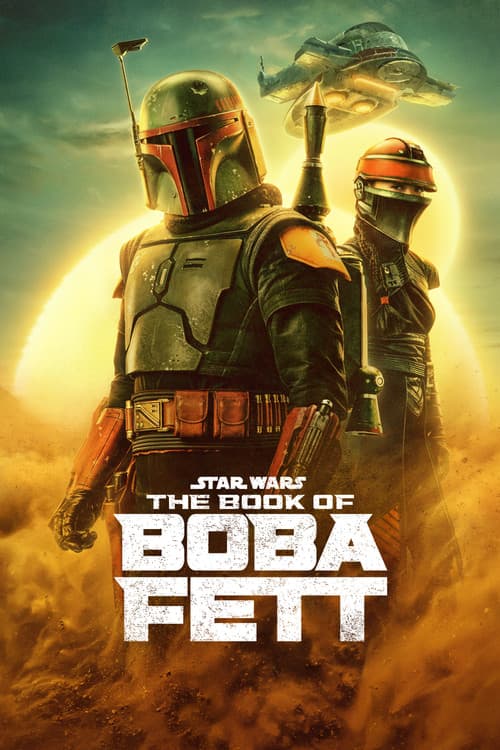 The Book of Boba Fett (2021) - TV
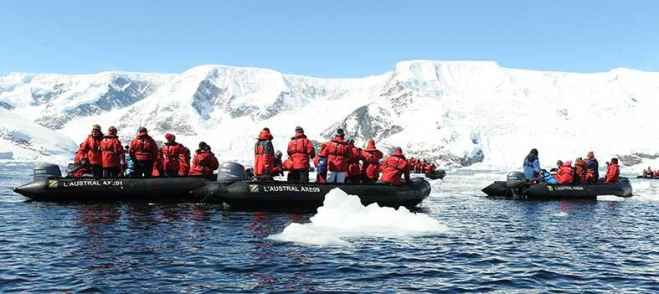 PONANT presenta sus itinerarios por Alaska para 2015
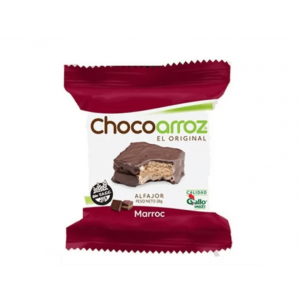 Chocoarroz Marroc (Caja 6 unidades) x 132 Gr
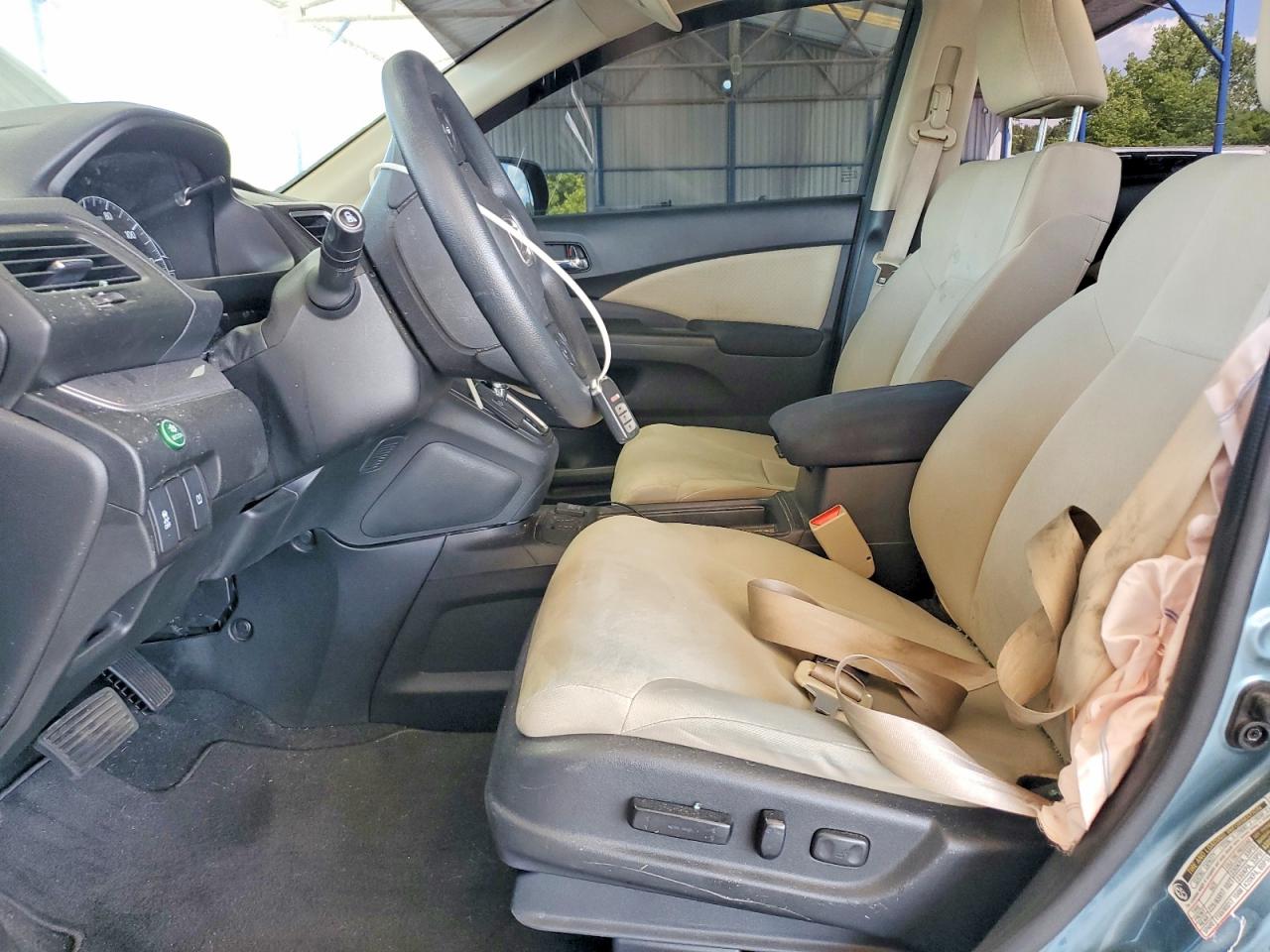 Honda Crv Ex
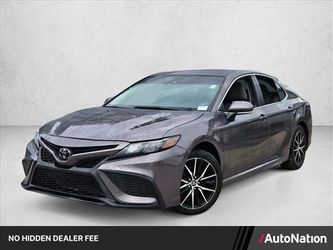 2024 Toyota Camry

_Task objective_
Every entry should be written out word for word, except for its pictures.

_Answer for this exercise_
 The Book of Boba Fett (2021) - TV
 PONANT presenta sus itinerarios por Alaska para 2015
 Chocoarroz Marroc (Caja 6 unidades) x 132 Gr
 Honda Crv Ex
 2024 Toyota Camry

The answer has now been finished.